DUNE: PART TWO: The Unseen Blade

Patrick LugoFebruary 26, 2024

Cutting to the Quick

Denis Villeneuve’s new movie is arguably the most anticipated sequel of 2024. Its closest competitor is the MCU’s only entry for the year - DEADPOOL & WOLVERINE. After a half dozen Academy Awards and an 83% on Rotten Tomatoes, Villeneuve’s sequel is already sitting at 97%. If you liked the first one, you’ll probably love this one. If you thought the first movie was too slow, this one corrects that…a bit. See it on IMAX or in one of those Sensurround theaters that have been making a comeback - it’s a big movie, a sensory experience. Thanks for reading.

The Slow Blade

A big deal was made of the knife work in both movies. Dune (the book) is a nearly high-fantasy story with concepts that play out wonderfully in literature "The slow blade penetrates the shield." The same is true for concepts like The Weirding Way and Prana-Bindu, fictional martial art techniques practiced by the Bene Gesserit order. They are part of what makes the book series so beloved, but also what makes their visual depiction a challenge. 

Fortunately, both movies selected the mighty Roger Yuan as fight/stunt coordinator. Readers of KFM ought to recognize Roger’s name - a fight trainer, action coordinator, actor, writer and producer who’s worked in the US, UK, Hong Kong, China, Thailand and on "Bollywood" and Vietnamese productions. He’s trained with John Cusack (who you’ll recall loves his ongoing Kung Fu training), Henry Cavill for IMMORTALS (2011), Daniel Craig for SKYFALL (2012) and Keanu Reeves for 47 RONIN (2013)

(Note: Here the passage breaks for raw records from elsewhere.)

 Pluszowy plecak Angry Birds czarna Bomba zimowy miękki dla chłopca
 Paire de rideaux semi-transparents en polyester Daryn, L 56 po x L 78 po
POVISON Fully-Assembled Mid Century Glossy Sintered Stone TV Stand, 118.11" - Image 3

Roger’s an actor from the Hong Kong school of acting, doing his own stunts and trading blows with legends like Jackie Chan, Yuen Biao, Sammo Hung, Jet Li and Chow Yun Fat (on BULLETPROOF MONK in 2003),. Let’s also recall his role in CHANDNI CHOWK TO CHINA (2009). As a thank you for all this hard work, Villeneuve also gave Roger a very cool onscreen role (more on that in the spoilers section).

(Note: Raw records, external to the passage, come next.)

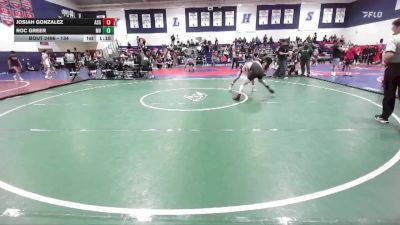 134 lbs Cons. Round 5 - Roc Greer, Murrieta Valley vs Josiah Gonzalez, ASG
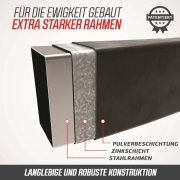 BERG Trampolin Rechteckig 410 cm Ultim Champion FlatGround Grey / grau + Safety Net DLX XL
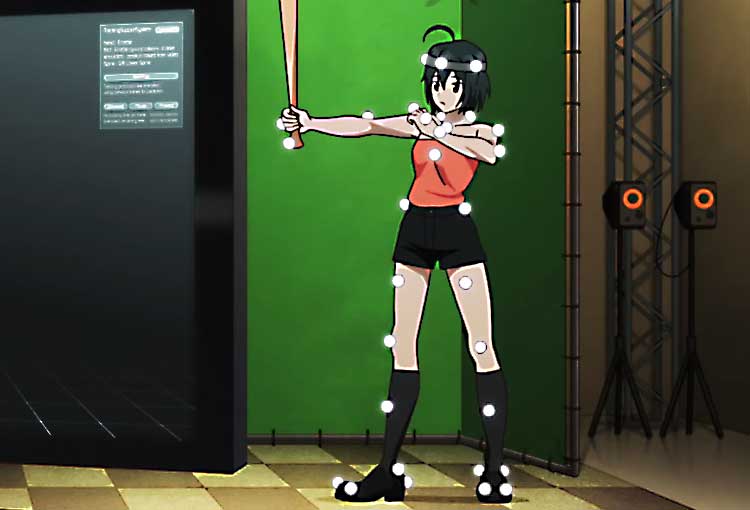 Personnage animé en motion capture studio.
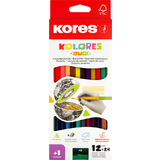 Kores crayons de couleur "DUO", tui carton de 12 + taille-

Accompanying Yuan as co-fight coordinator is Vi-Dan Tran the 8th generation JC Stunt Team member who worked on the action choreography and action-previs for THE FOREIGNER & BLEEDING STEEL (2017). Rounding out the fight team is fight arranger Vincent Wang a graduate of Shanghai University of Physical Education, the man entered the 90’s coaching Wushu and Taiji in London before ending that decade doing stunt-work and fight choreography.  Also a part of the fight team are Kai Fung Rieck, Khoa Huynh, Sefa Demirbas as well as a score of stunt-men and actors. But it’s Roger Yuan who’s to be credited for the choice to bring stick-fighting to a knife-fight choreography situation.
The Balintiwak

During interviews and on the DUNE special features Yuan talks about his choice to bring “a real-live martial art” to the fight training. He specifically names Balintiwak and required that all stunt-workers, and actors with action scenes be trained in the art. Amusingly, Jason Momoa (our very own Aquaman) who portrayed a fight-master and sworn protector admitted to Indiewire that while he couldn’t master the Filipino martial art he called it “Kali”) he learned enough to play his part convincingly but ended up inspiring his own son to take up the practice.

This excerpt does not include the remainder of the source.